TASK DIRECTIONS ->
Output, exactly as written, the lines below starting at the line containing "343 - 19th century, English" and ending at the line containing "HighOnLove Mini Lip". Drop the pictures and keep both end lines.

Start of SUPPLIED MATERIAL

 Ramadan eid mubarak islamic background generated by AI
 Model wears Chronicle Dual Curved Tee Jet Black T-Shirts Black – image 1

End of SUPPLIED MATERIAL
Start of SUPPLIED MATERIAL

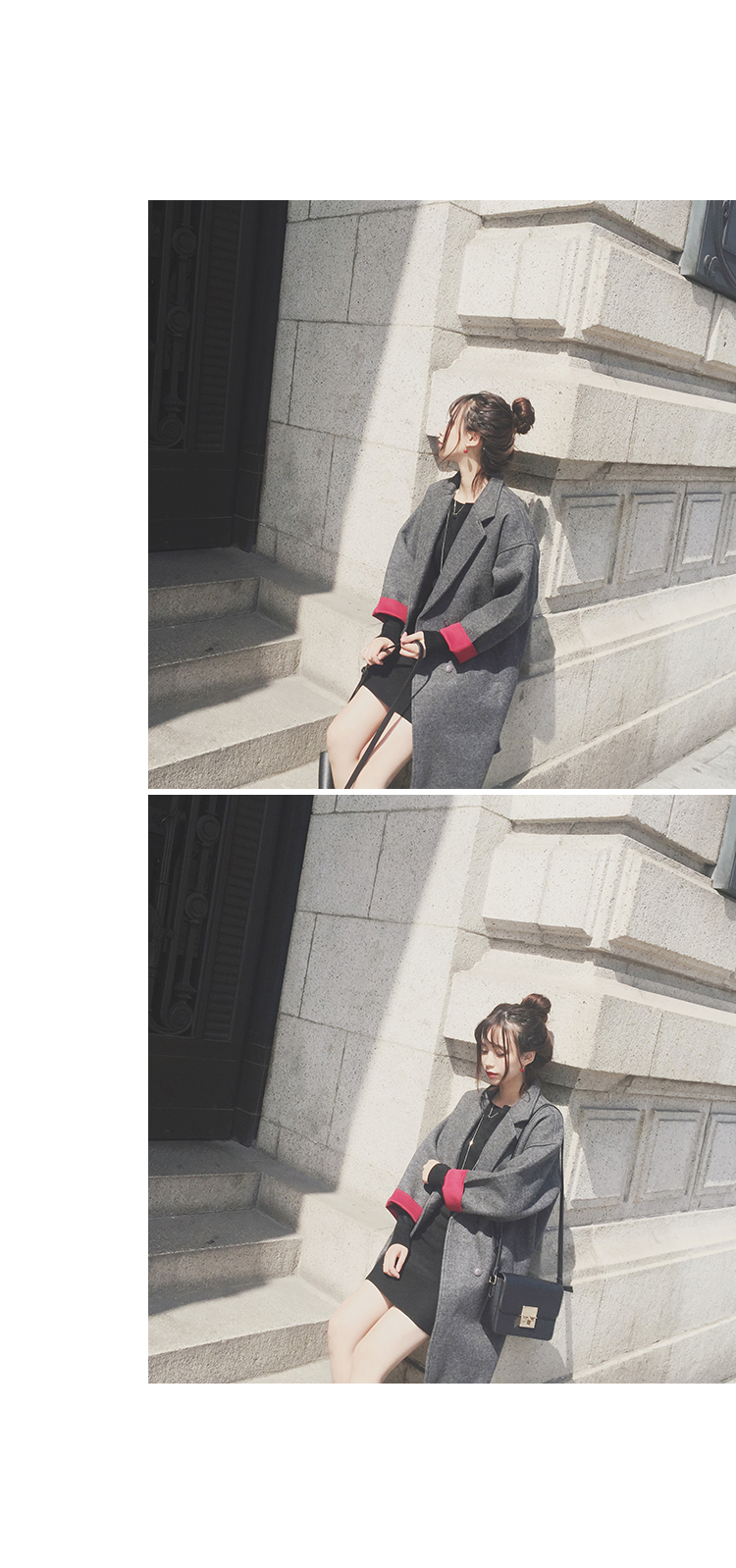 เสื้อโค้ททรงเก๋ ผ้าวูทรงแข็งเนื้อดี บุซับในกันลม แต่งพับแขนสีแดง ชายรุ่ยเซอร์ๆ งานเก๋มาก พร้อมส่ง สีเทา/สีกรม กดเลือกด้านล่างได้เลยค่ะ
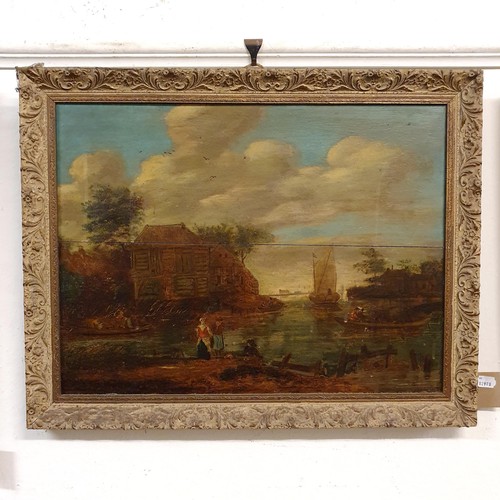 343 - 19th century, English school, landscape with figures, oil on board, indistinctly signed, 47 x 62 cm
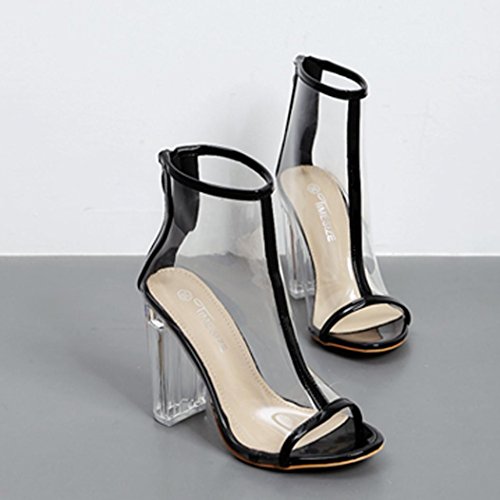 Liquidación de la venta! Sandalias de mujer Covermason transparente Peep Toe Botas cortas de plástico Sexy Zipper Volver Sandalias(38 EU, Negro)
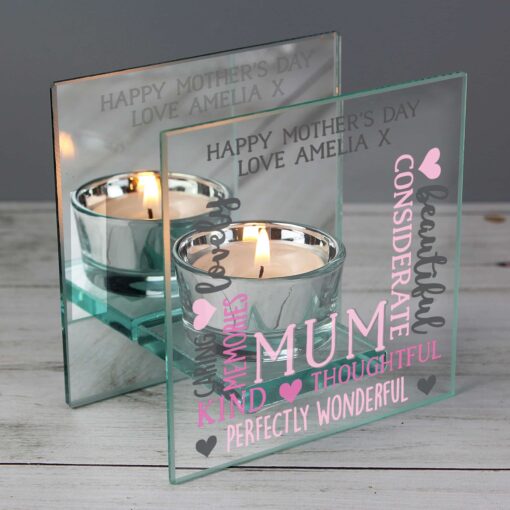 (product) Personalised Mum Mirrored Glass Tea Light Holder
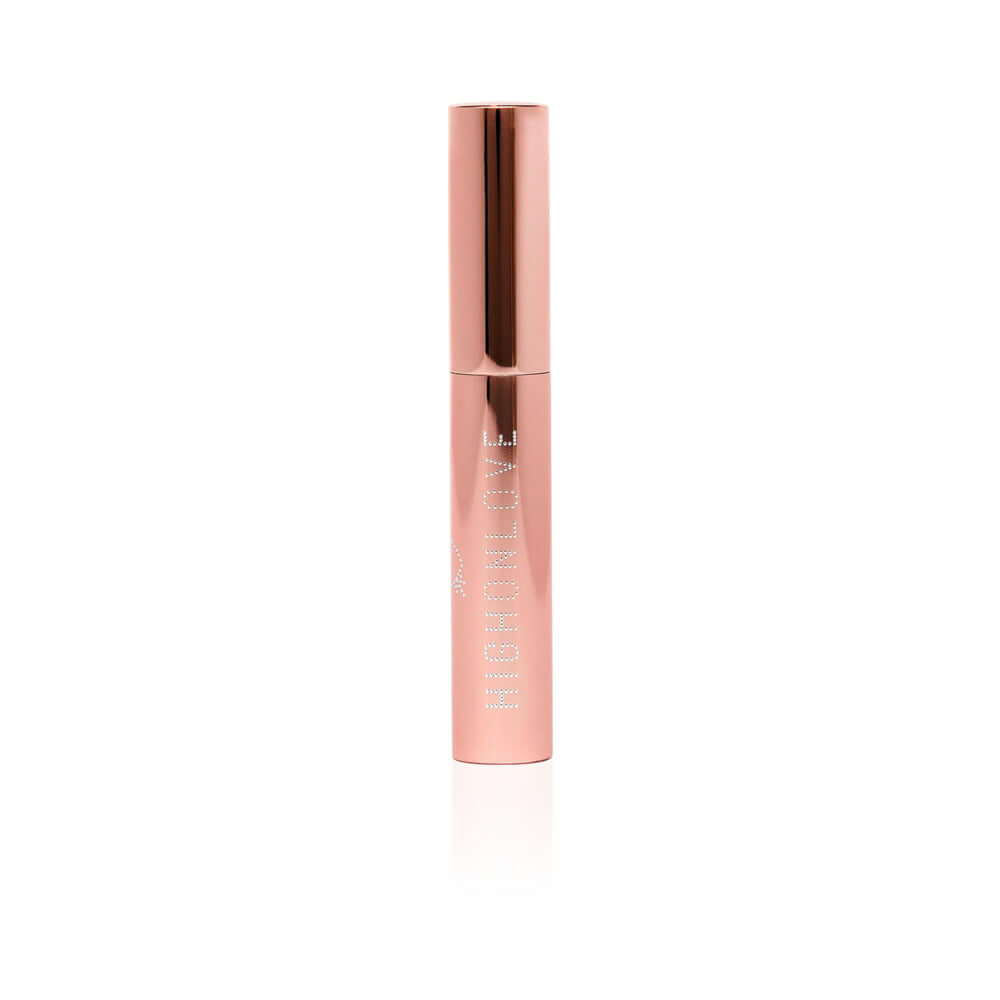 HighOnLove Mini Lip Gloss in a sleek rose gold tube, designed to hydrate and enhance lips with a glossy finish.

End of SUPPLIED MATERIAL

ANSWER SPACE ->
 343 - 19th century, English school, landscape with figures, oil on board, indistinctly signed, 47 x 62 cm
 Liquidación de la venta! Sandalias de mujer Covermason transparente Peep Toe Botas cortas de plástico Sexy Zipper Volver Sandalias(38 EU, Negro)
 (product) Personalised Mum Mirrored Glass Tea Light Holder
 HighOnLove Mini Lip Gloss in a sleek rose gold tube, designed to hydrate and enhance lips with a glossy finish.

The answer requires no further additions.